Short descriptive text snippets

= = =

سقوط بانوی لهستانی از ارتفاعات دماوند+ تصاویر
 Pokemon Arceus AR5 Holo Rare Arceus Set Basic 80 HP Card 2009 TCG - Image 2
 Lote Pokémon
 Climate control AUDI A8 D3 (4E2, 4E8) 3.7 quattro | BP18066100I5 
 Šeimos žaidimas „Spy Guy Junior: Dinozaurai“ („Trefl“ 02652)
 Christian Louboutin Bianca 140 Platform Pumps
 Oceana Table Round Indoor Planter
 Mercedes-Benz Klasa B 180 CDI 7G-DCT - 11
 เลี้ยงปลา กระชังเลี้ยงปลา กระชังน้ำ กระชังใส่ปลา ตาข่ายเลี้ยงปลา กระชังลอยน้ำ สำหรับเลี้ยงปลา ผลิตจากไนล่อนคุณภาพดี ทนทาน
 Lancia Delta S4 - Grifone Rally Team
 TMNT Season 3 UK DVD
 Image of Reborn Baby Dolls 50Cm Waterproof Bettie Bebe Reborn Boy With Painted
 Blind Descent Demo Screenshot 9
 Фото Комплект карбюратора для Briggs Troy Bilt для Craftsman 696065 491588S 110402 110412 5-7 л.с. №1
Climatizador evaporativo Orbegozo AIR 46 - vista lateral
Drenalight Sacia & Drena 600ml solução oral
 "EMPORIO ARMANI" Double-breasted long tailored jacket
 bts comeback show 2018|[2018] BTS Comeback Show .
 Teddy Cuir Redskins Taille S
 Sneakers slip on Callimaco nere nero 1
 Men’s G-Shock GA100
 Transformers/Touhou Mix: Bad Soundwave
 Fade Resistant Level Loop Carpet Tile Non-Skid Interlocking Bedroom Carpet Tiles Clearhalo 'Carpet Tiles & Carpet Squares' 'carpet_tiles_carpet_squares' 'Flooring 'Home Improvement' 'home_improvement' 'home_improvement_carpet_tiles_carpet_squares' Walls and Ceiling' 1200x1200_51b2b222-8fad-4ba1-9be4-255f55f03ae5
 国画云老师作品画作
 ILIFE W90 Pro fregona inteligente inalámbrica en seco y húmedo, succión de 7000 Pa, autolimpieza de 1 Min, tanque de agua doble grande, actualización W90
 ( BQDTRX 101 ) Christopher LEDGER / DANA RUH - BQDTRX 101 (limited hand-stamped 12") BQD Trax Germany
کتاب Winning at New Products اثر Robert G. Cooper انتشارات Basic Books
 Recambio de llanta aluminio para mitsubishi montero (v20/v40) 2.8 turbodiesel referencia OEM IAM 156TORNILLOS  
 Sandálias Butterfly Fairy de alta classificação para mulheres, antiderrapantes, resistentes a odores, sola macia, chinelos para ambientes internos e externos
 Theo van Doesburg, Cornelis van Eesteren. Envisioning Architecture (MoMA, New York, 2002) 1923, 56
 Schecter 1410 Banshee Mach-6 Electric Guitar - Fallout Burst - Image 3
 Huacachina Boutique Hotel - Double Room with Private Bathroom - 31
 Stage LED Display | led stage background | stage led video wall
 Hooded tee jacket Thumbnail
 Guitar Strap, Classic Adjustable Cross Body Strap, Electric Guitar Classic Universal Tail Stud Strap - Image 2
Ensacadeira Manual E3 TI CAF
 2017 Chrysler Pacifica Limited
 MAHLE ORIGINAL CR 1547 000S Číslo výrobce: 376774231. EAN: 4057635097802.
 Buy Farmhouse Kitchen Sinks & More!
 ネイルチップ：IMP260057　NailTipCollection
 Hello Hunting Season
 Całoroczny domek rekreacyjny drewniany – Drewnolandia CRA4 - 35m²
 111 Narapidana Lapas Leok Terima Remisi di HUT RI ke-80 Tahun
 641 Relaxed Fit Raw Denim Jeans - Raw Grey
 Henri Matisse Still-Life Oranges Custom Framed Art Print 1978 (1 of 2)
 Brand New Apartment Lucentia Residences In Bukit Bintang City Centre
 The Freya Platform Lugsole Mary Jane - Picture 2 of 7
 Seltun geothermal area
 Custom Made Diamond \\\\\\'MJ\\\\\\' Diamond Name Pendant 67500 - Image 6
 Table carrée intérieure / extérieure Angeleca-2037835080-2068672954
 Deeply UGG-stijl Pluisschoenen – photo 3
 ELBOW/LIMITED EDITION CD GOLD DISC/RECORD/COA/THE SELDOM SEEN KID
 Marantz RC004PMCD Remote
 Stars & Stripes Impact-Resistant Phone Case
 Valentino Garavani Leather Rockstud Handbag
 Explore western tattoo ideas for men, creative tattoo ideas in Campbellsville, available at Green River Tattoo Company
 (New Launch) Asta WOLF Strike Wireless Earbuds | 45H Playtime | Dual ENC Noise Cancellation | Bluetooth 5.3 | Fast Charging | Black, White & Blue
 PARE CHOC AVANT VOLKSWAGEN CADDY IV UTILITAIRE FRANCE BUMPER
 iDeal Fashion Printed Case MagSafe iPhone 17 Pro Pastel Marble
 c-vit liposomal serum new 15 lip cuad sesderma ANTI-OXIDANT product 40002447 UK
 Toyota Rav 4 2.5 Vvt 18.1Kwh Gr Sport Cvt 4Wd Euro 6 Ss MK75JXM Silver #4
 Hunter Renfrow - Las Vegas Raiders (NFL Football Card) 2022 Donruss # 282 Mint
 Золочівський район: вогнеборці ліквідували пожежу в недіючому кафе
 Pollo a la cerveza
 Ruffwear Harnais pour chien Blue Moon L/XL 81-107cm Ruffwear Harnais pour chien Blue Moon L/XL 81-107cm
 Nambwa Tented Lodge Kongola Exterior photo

= = =

Work instruction
For each line in the data that contains the string "Resistant", give a copy of that line.

Output for this exercise
 Fade Resistant Level Loop Carpet Tile Non-Skid Interlocking Bedroom Carpet Tiles Clearhalo 'Carpet Tiles & Carpet Squares' 'carpet_tiles_carpet_squares' 'Flooring 'Home Improvement' 'home_improvement' 'home_improvement_carpet_tiles_carpet_squares' Walls and Ceiling' 1200x1200_51b2b222-8fad-4ba1-9be4-255f55f03ae5
 Stars & Stripes Impact-Resistant Phone Case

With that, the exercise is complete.